If the teens are ok with it?

Very Well Family noted last year that “Sexting has some serious consequences not only for the person taking and sending the photos, but also for the person on the receiving end. As a result, it is important to talk with your kids about these consequences. Not only should teens be made aware of the emotional consequences of sexting but the legal ramifications as well.”

Emotional Consequences include:

  • embarrassment and humiliation, particularly because the image is no private
  • this often opens teens up to bullying, especially cyberbullying.
  • when a sexual image becomes public, friendships will dissolve
  • friends often distance themselves from the person being targeted because they fear they also will be bullied
  • images shared with a mass audience can cause immense guilt and shame
  • Girls who take nude pictures and then send them to a boyfriend, are at risk of being objectified (HELLO #MeTOO)
  • As bullying, ridicule and embarrassment escalate around the sexting, teens can start to feel hopeless and become depressed

Then there are legal consequences as many can charge both kids who send the photos and kids who receive the photos, resulting in possible jail time and probation if convicted of charges related to child pornography, teens that sext also run the risk of having to register as a sex offender.

The Olympian wrote that “the study’s authors wrote that their work lent itself to push for more education and understanding around teenage sexting, instead of more punitive measures,” quoting the study: “Consequently, efforts and resources to criminalize sexts should be redirected to educational programs on digital citizenship and healthy relationships.”

Parents and schools are now expected to NORMALIZE SEXTING (a form of child pornography) and be redirected to sex ed classes. To what end?

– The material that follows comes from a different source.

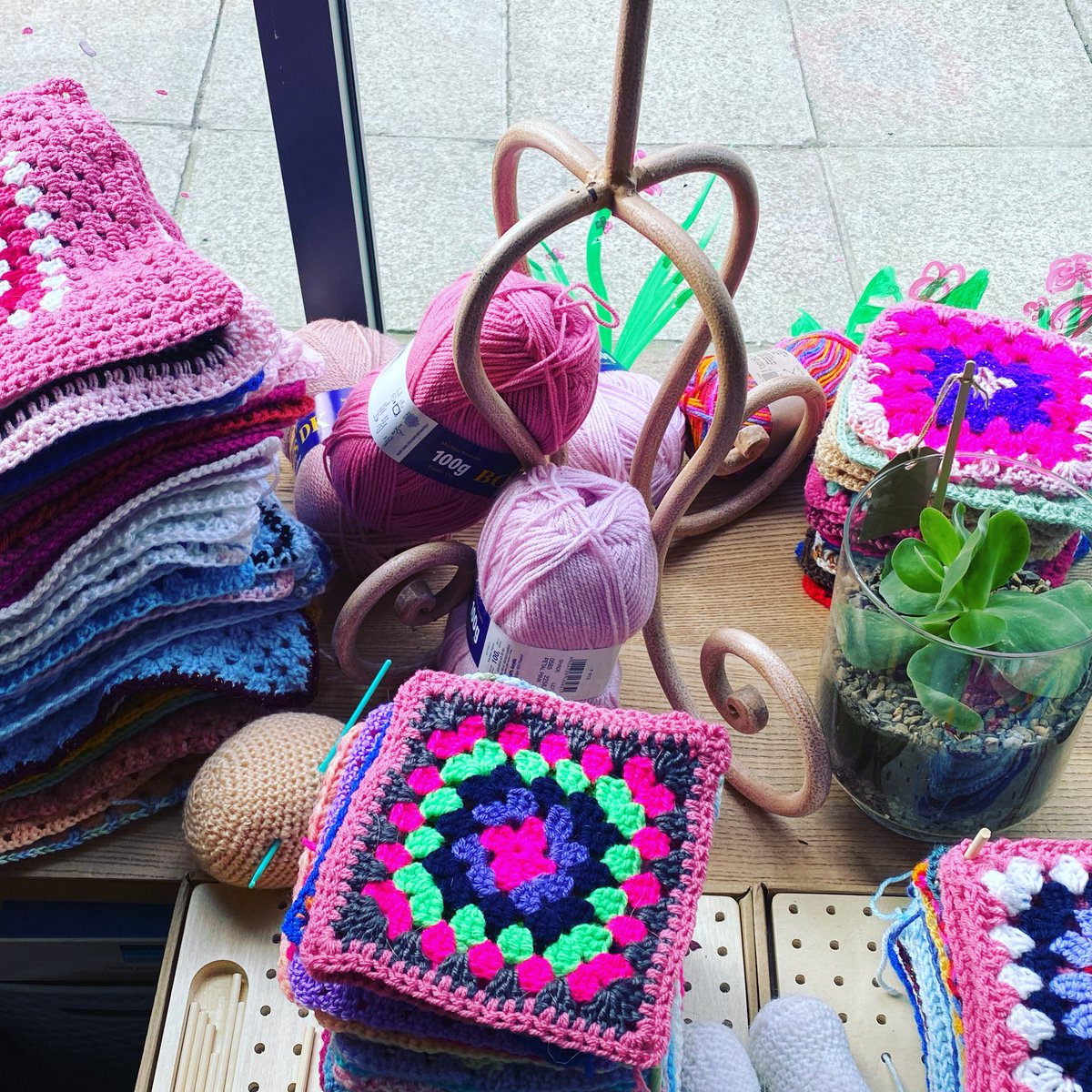 Supporting @mentalhealth #MentalHealthAwarenessWeek in #altrincham with a series of #craftandchat activities in @AWAH_Alty in collaboration with @AltrinchamBID 

#loneliness #mentalhealthmatters #itsgoodtotalk #arts #community #freeactivities 

@knitsirdar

Are we to believe they will teach against SEXTING or just tell the kids that they are NORMAL?

“If you find out your child is sexting, understand it’s a fairly normative behavior; it doesn’t mean your kid is deviant or in a life of crime,” study co-author Jeff Temple told the Chicago Tribune. “It means they’re interested in their sexuality and sex.”

It also means that they may be humiliating themselves or someone else, contributing to the bullying crisis in schools, objectifying bodies (particularly girls) and breaking the law.

If society continues to treat sex as a transaction, allowing elicit images and content to younger and younger children, that emotional consequences list will only grow and create havoc on our culture.

Shame on the hypocrites in the media for their headlines and approach to covering this study. Shame on the researchers for attempting to normalize illegal behavior “because everybody is doing it.”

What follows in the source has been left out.